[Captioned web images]
═══
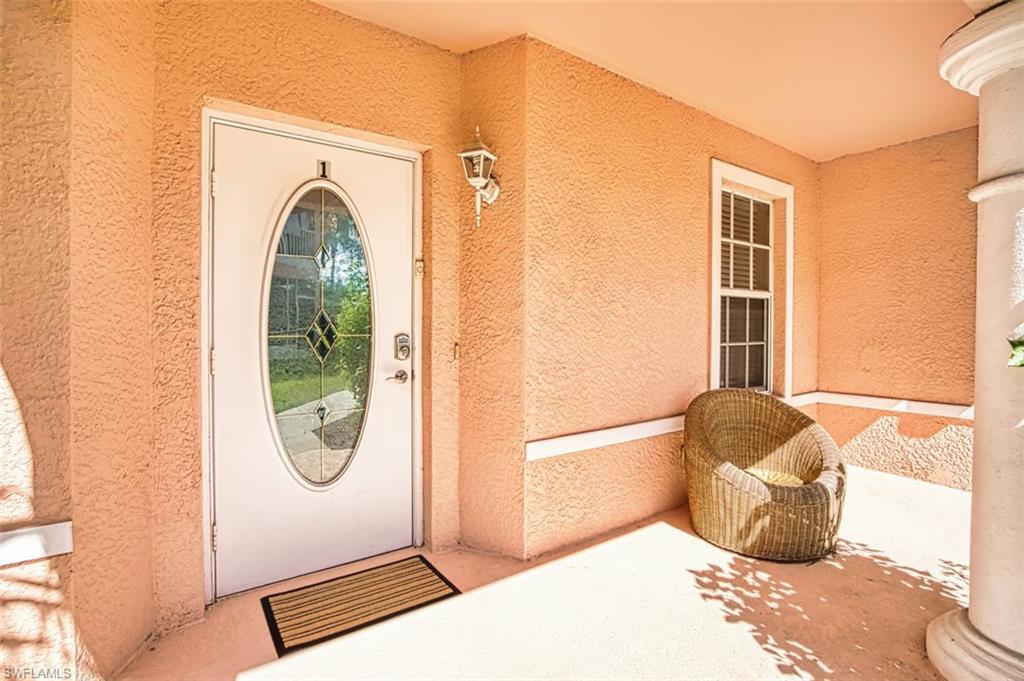 Entrance to property with stucco siding and a porch
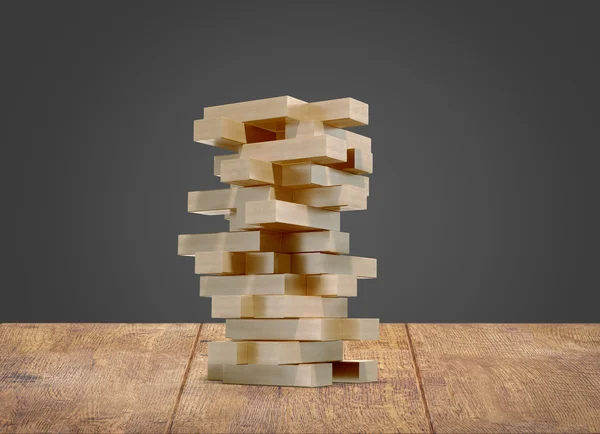 Blocks wood game  jenga  on wood floor black background.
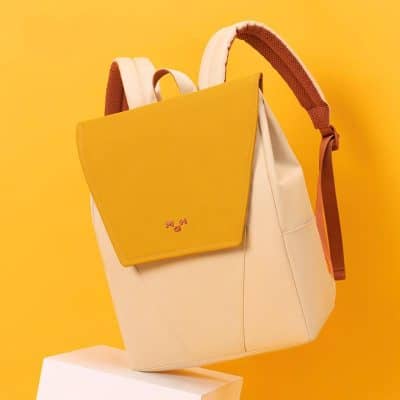Stylish yellow and beige fashion backpack for women and men. Perfect for daily use, travel, and work with ample storage and modern design.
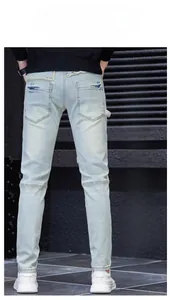 Detail of light blue patched slim fit denim jeans with white embroidery on back waist
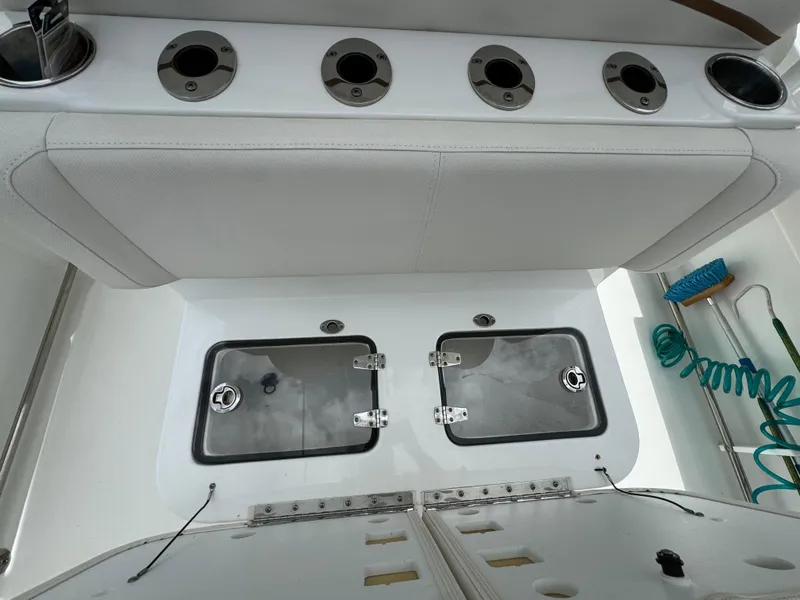 Slide: The Image of 2022 Sea Hunt 27 Gamefish boat with rod holders and storage compartments. - 14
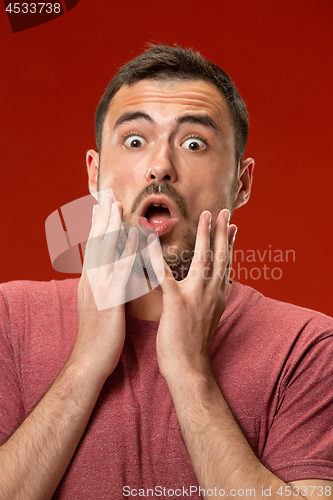 Image of The young attractive man looking suprised isolated on red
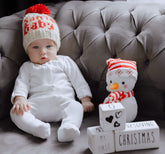 Baby in a white outfit and red hat sitting next to a snowman figurine on a gray couch.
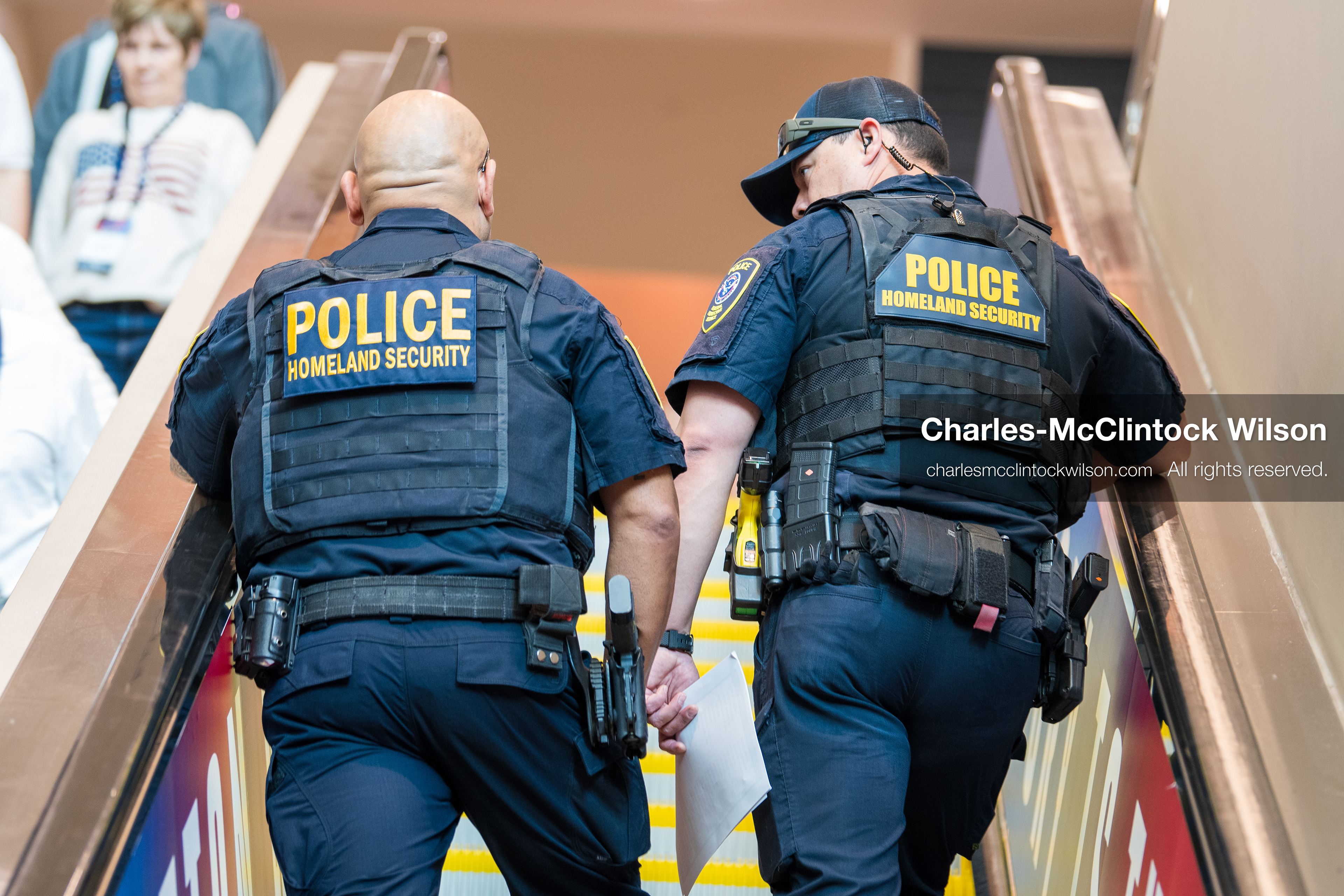 December 18, 2025, Phoenix, Arizona, USA: Two U.S. Department of Homeland Security officers ride an escalator during AmericaFest 2025 at the Phoenix Convention Center, the first edition of the event held since the death of Charlie Kirk. (Credit Image: (c) Charles-McClintock Wilson/ZUMA Press Wire)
═══
--- EXERCISE GOAL ---
Extract, verbatim and alone, the lines from the line that contains "Stylish yellow and" to the last line of the records, inclusive; drop any picture.

--- WRITTEN RESPONSE ---
Stylish yellow and beige fashion backpack for women and men. Perfect for daily use, travel, and work with ample storage and modern design.
 Detail of light blue patched slim fit denim jeans with white embroidery on back waist
 Slide: The Image of 2022 Sea Hunt 27 Gamefish boat with rod holders and storage compartments. - 14
 Image of The young attractive man looking suprised isolated on red
 Baby in a white outfit and red hat sitting next to a snowman figurine on a gray couch.
 December 18, 2025, Phoenix, Arizona, USA: Two U.S. Department of Homeland Security officers ride an escalator during AmericaFest 2025 at the Phoenix Convention Center, the first edition of the event held since the death of Charlie Kirk. (Credit Image: (c) Charles-McClintock Wilson/ZUMA Press Wire)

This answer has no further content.